Un bambino per cinque
John e Dean, quasi gemelli, sono due “deficienti” patentati. Imbranati con le ragazze, vengono presentati da subito come due casi umani. Bizzarri nei comportamenti e nei modi di parlare, pensano che per mostrare affetto e riconoscenza al padre della propria ragazza sia opportuno baciarlo sulle labbra, o che per corteggiare una donna sia normale amministrazione pagarle la spesa al supermercato e pretendere che lei poi accetti un appuntamento.
Ecco come da subito Bob Odenkirk presenta i due protagonisti del film. Semplici al punto tale da risultare stupidi e ingenui, i fratelli Solomon sono più che altro due macchiette mal riuscite. Dopo la presentazione dei personaggi (alquanto banale), ecco il primo colpo di scena che dovrebbe smuovere le acque e animare le vicende di questi due individui la cui piatta vita si divide tra la casa e il videonoleggio: l’improvvisa malattia del padre. E qui iniziano tutta una serie di situazioni tanto assurde quanto surreali, che sono più che altro un’accozzaglia di gag scarsamente divertenti, a iniziare dalla scena in cui prima di andare in ospedale i due fratelli decidono di fare una capatina al videonoleggio per “risolvere una questione” e perdono il loro tempo nella scelta di un film gratuito (il che impedirà loro di salutare il padre per l’ultima volta, entrato in coma quattro o cinque minuti prima del loro arrivo). Le risate iniziano a sprecarsi.

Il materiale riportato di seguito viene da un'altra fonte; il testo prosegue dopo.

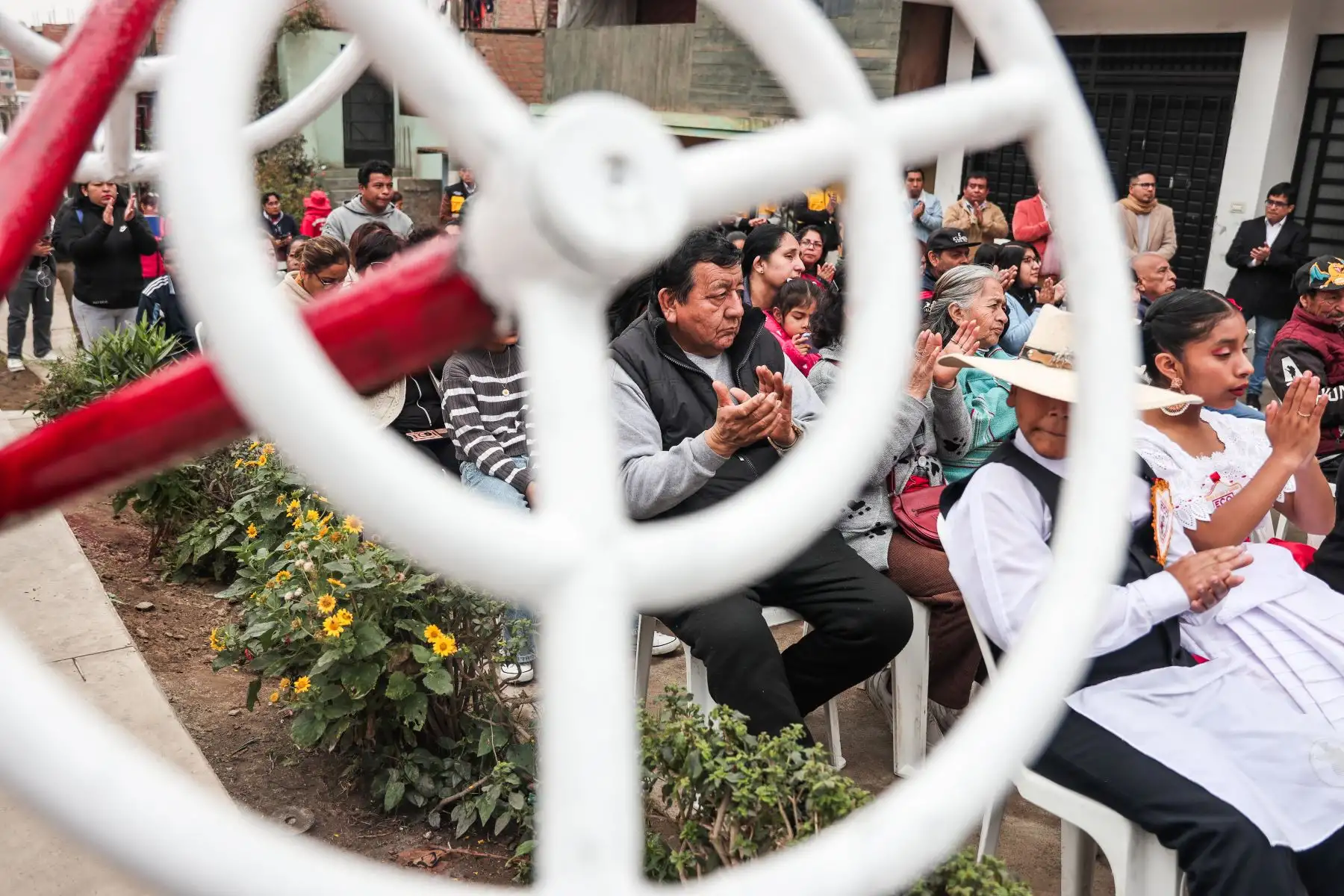 Más de 3500 vecinos del distrito de Mi Perú recibieron el renovado "parque F", primer ambiente recreativo de la comunidad chalaca implementado con juegos y mini gimnasios elaborados con armas fundidas.
Foto: ANDINA/ Connie Calderón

L’unico modo per poter salvare il padre, che aveva cresciuto i figli in totale solitudine (e si vede!), è dar lui una speranza, cioè quella di realizzare le sue ultime volontà: avere un nipotino. Va da sé che le scarse abilità, già fin troppo ostentate, dei due fratelli Solomon non renderanno le cose facili. Ecco quindi che Bob Odenkirk lancia il secondo input per lo sviluppo della commedia: la disperata ricerca.
I tentativi sono numerosi fino a quando, come per incanto, i due hanno un’idea geniale. Naturalmente, la più ovvia, quella che era sempre stata davanti ai loro occhi: mettere un annuncio per una madre in affitto. E qui entra in scena Janine, una bella pancia (e soprattutto un utero) in prestito. Tutto sembra andare per il meglio, fino a quando al terzo trimestre la graziosa mammina (con 10.000 dollari in tasca) non decide di volersi tenere il bambino. Ed eccoci arrivati al nostro terzo colpo di scena. La fuga della “bella” e la nuova, disperata ricerca.
Le situazioni comico grottesche non si sprecano, anche se in effetti si ride ben poco. Il film si presenta più che altro come un’accozzaglia di gag pseudo-divertenti che cercano troppo l’eccesso e forse anche per questo perdono il loro potenziale di comicità. A infarcire la commediola già in partenza mal riuscita arriva il bel finale a sorpresa, che in maniera sconvolgentemente banale rimette a posto i cocci con un quadretto di famiglia che rasenta l’inverosimile.